• **Work instruction**:
Practice item. Set the material below down again exactly, with no pictures.

• **Data below**:
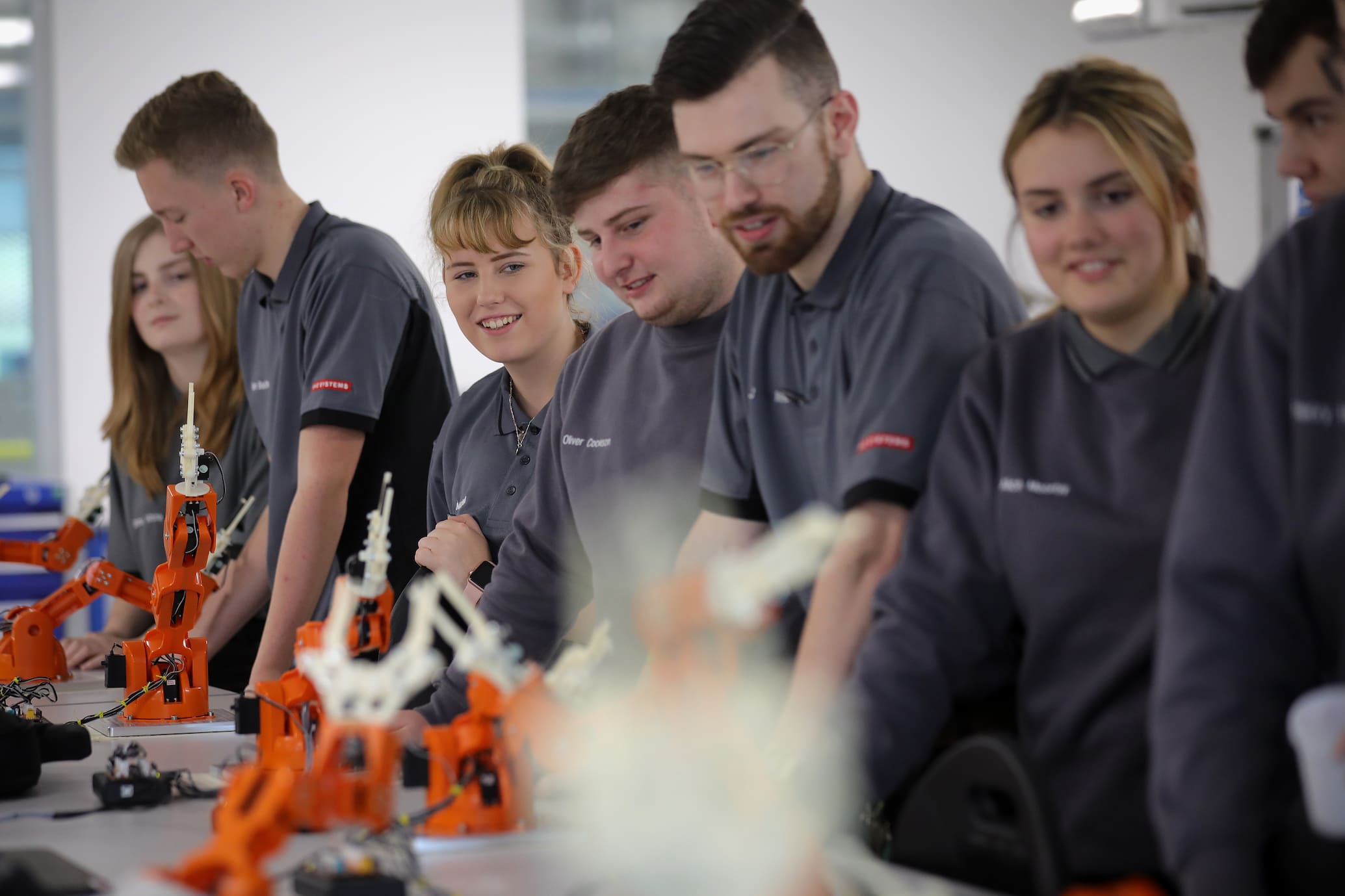 Group of young apprentices building robotic arm models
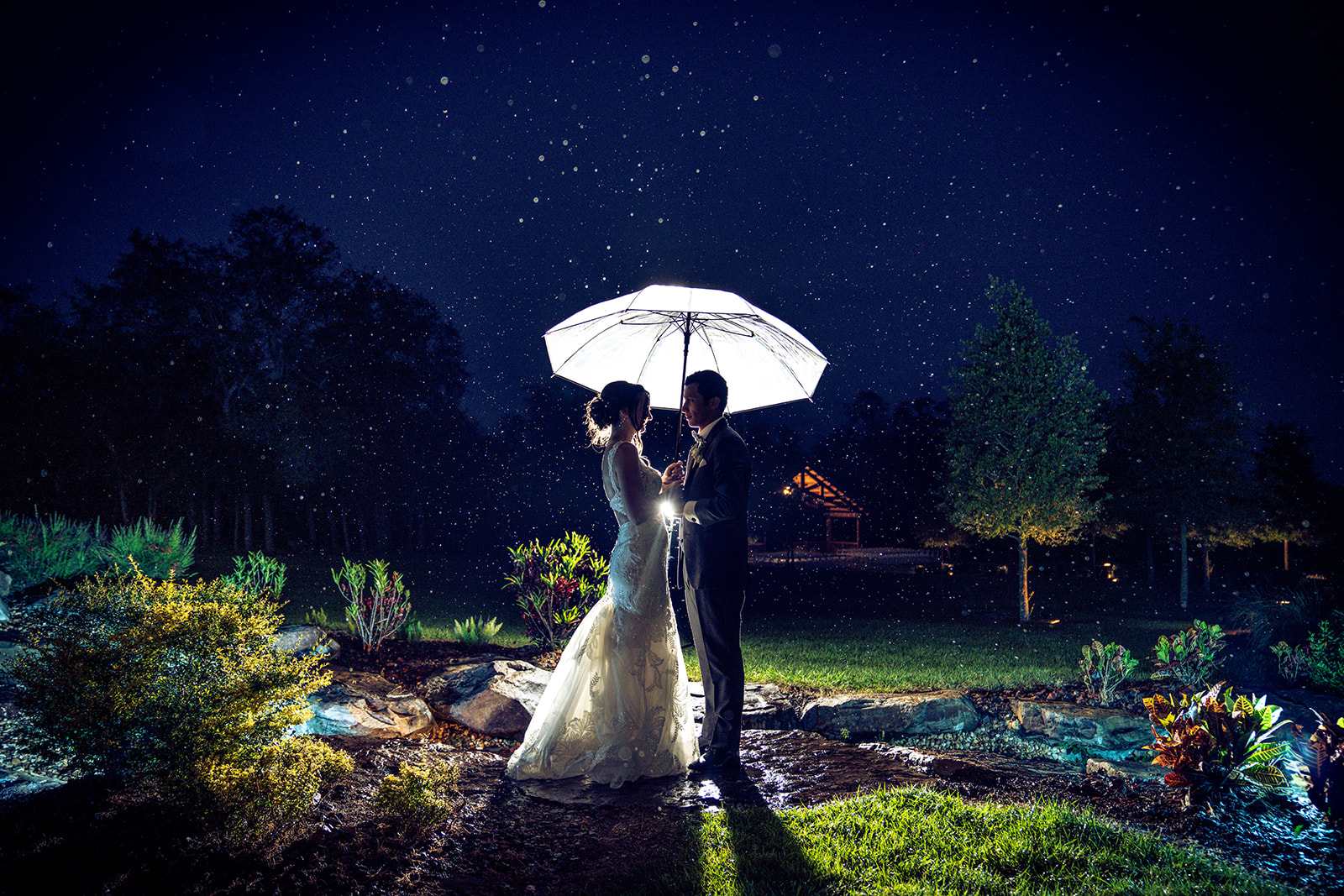 bride and groom under umbrella at night under a starry sky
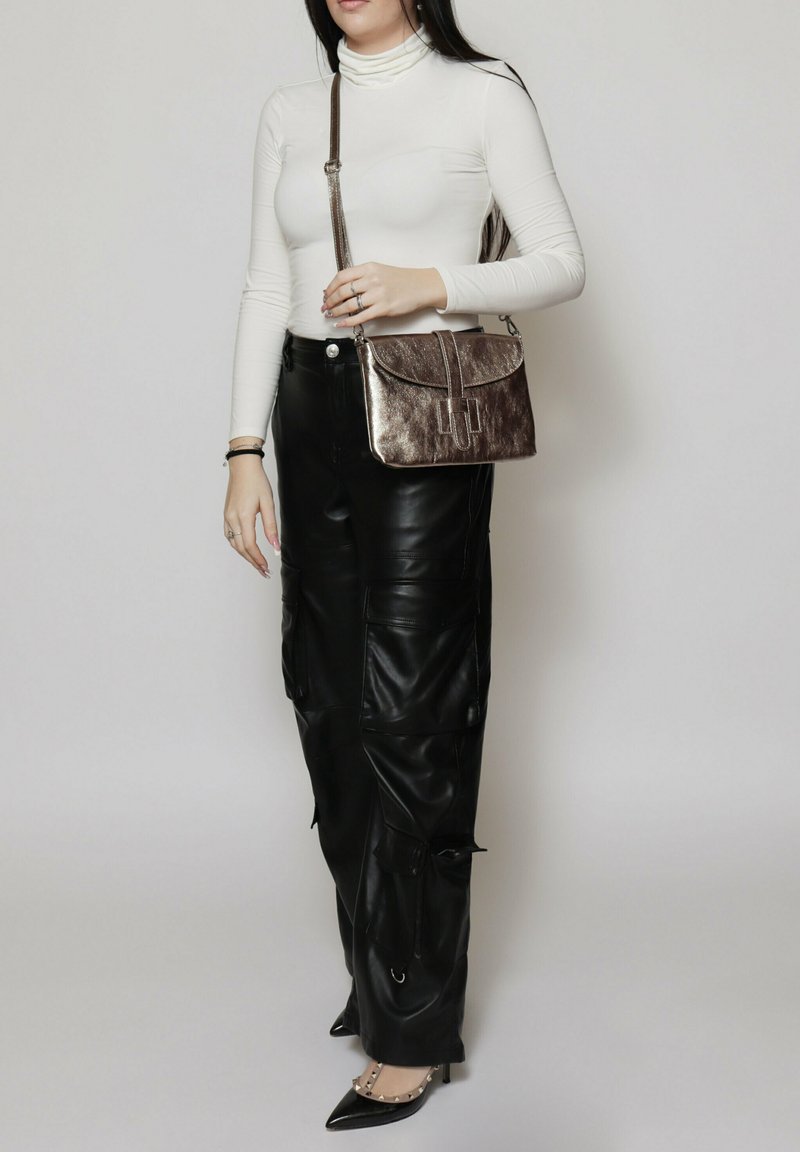 Borsa in bronzo metallico con chiusura a pattina e dettagli decorativi a strisce verticali. Indossata con un dolcevita bianco e pantaloni cargo in pelle nera.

• **Solution to this problem**:
 Group of young apprentices building robotic arm models
 bride and groom under umbrella at night under a starry sky
 Borsa in bronzo metallico con chiusura a pattina e dettagli decorativi a strisce verticali. Indossata con un dolcevita bianco e pantaloni cargo in pelle nera.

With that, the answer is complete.